Restate all entries word for word, minus pictures.

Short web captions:
++++++++++++++++++++

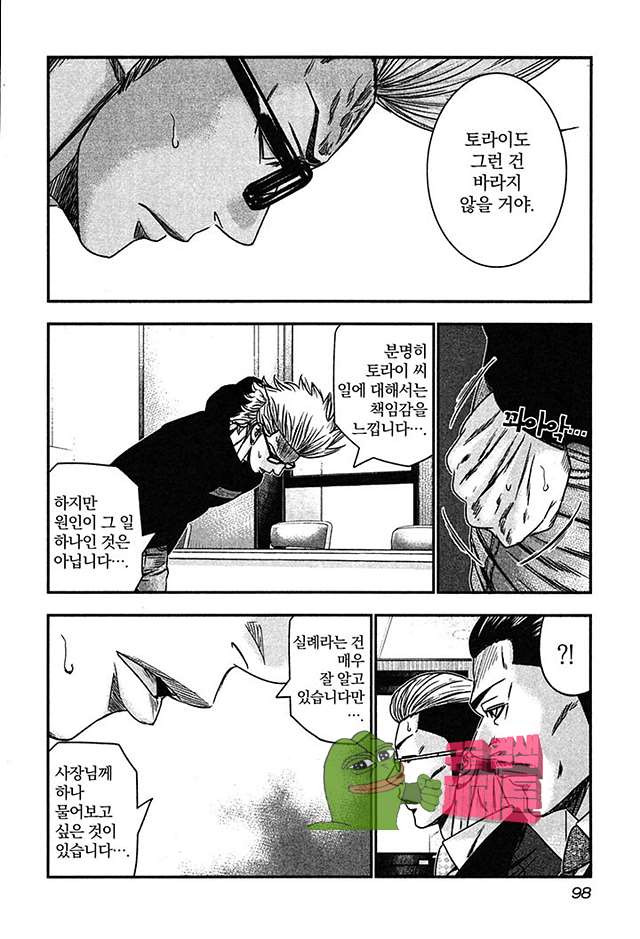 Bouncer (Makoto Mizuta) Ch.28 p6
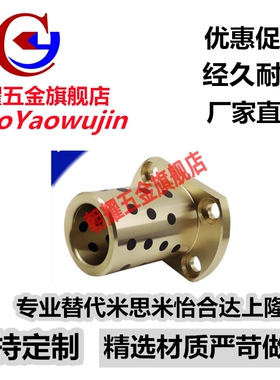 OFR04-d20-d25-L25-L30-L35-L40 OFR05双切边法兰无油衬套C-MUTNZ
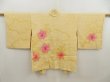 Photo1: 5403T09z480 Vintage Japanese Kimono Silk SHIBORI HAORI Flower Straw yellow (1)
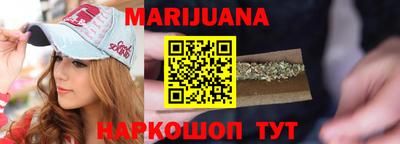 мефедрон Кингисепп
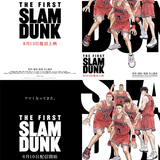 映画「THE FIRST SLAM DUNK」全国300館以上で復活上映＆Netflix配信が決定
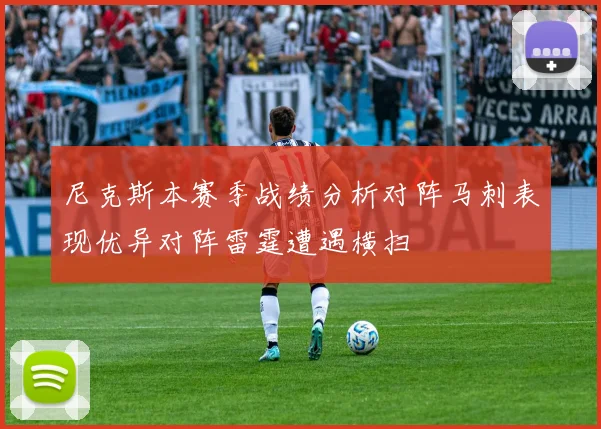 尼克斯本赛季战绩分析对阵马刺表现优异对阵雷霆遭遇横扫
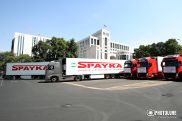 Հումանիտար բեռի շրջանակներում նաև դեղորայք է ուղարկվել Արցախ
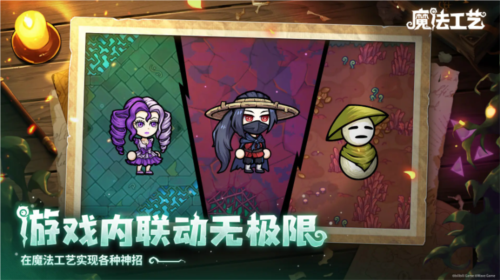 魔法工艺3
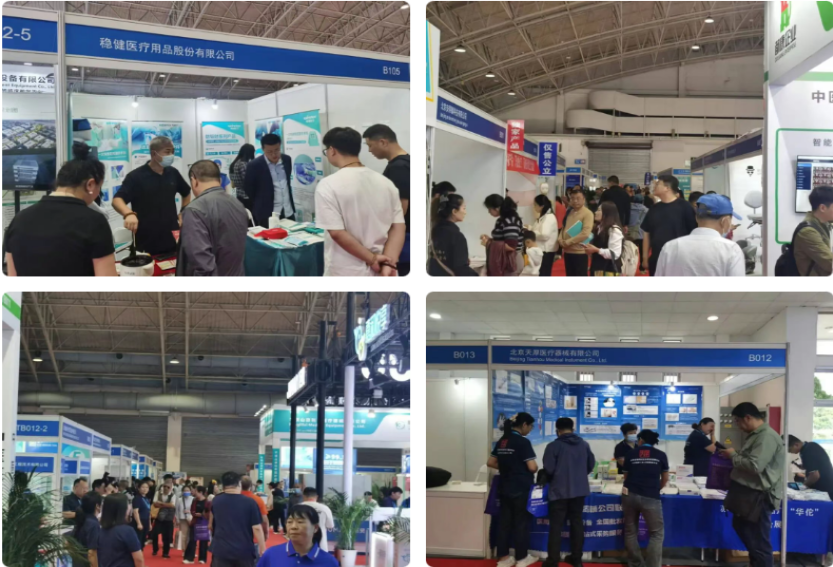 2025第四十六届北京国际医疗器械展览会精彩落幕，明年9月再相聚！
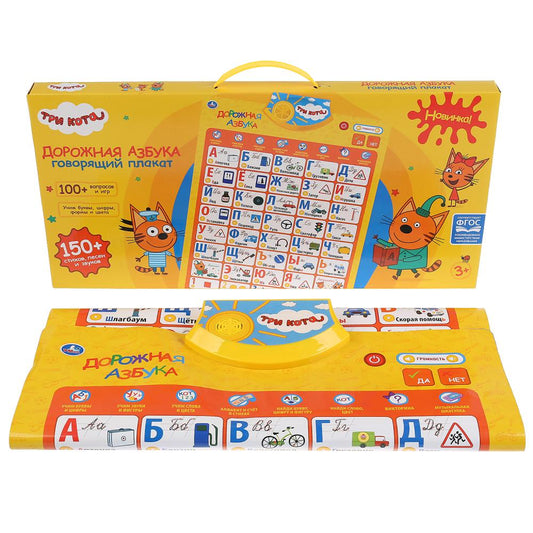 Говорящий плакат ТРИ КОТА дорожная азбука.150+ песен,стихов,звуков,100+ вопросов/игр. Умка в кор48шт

++++++++++++++++++++

EXERCISE ANSWER
 Bouncer (Makoto Mizuta) Ch.28 p6
 OFR04-d20-d25-L25-L30-L35-L40 OFR05双切边法兰无油衬套C-MUTNZ
 Photo1: 5403T09z480 Vintage Japanese Kimono Silk SHIBORI HAORI Flower Straw yellow (1)
 мефедрон Кингисепп
 映画「THE FIRST SLAM DUNK」全国300館以上で復活上映＆Netflix配信が決定
 尼克斯本赛季战绩分析对阵马刺表现优异对阵雷霆遭遇横扫
 Հումանիտար բեռի շրջանակներում նաև դեղորայք է ուղարկվել Արցախ
 魔法工艺3
 2025第四十六届北京国际医疗器械展览会精彩落幕，明年9月再相聚！
 Говорящий плакат ТРИ КОТА дорожная азбука.150+ песен,стихов,звуков,100+ вопросов/игр. Умка в кор48шт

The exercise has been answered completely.